++++ DATASET EXTRACT

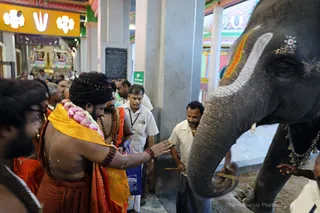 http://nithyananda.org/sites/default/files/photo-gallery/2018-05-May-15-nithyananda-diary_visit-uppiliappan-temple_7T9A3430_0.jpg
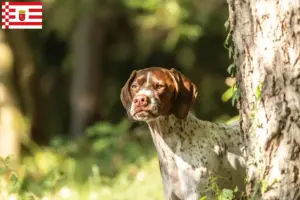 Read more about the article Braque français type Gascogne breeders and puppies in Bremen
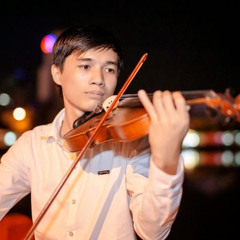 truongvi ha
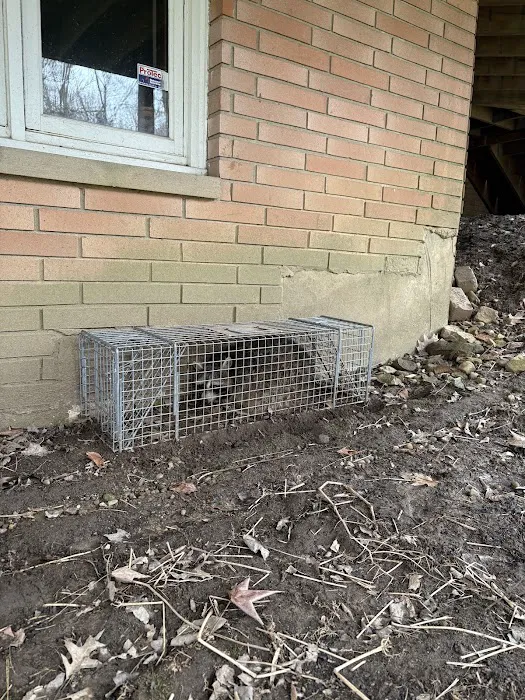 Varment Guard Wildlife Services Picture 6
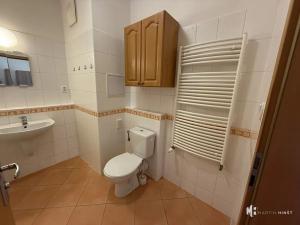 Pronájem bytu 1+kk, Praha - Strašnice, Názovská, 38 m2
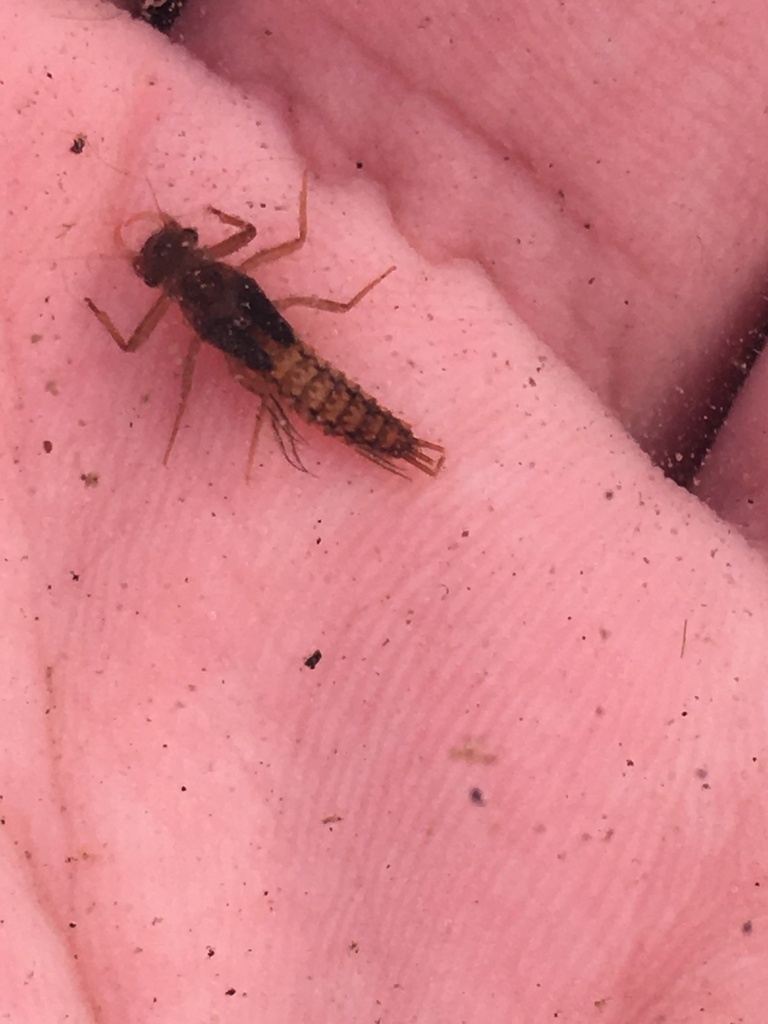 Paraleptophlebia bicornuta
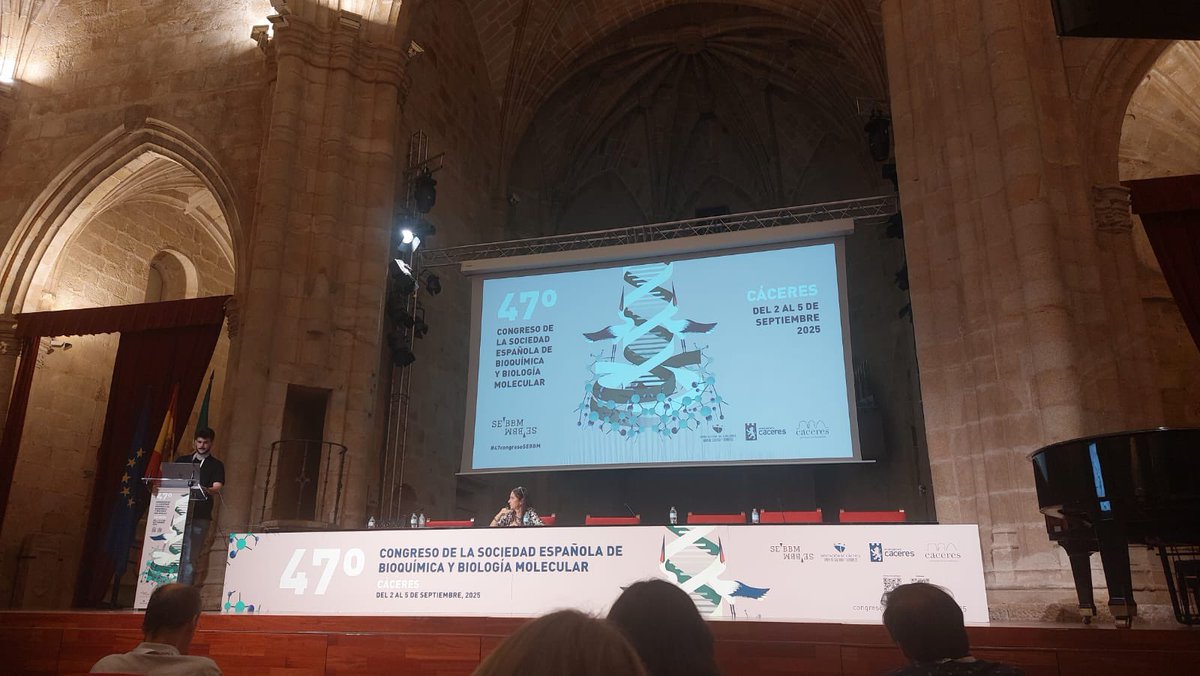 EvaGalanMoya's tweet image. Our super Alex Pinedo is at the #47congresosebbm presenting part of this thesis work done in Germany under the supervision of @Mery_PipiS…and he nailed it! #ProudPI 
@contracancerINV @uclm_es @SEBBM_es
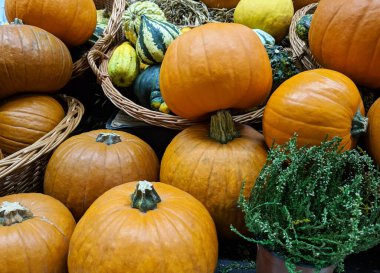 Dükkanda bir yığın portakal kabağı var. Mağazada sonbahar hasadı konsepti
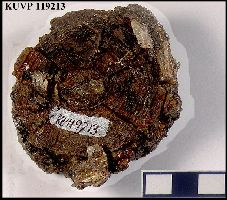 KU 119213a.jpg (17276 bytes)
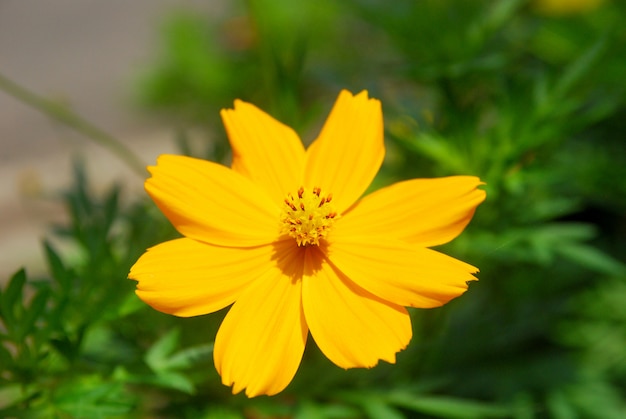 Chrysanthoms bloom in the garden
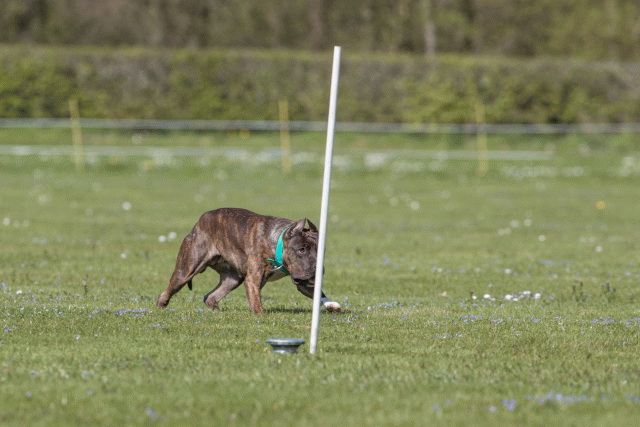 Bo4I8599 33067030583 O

++++++++

What should come back is an exact copy of the lines above from the line with "Varment Guard Wildlife Services Picture 6" to the line with "EvaGalanMoya's tweet image.", both included, minus the pictures.

▶ RESPONSE
 Varment Guard Wildlife Services Picture 6
 Pronájem bytu 1+kk, Praha - Strašnice, Názovská, 38 m2
 Paraleptophlebia bicornuta
 EvaGalanMoya's tweet image. Our super Alex Pinedo is at the #47congresosebbm presenting part of this thesis work done in Germany under the supervision of @Mery_PipiS…and he nailed it! #ProudPI 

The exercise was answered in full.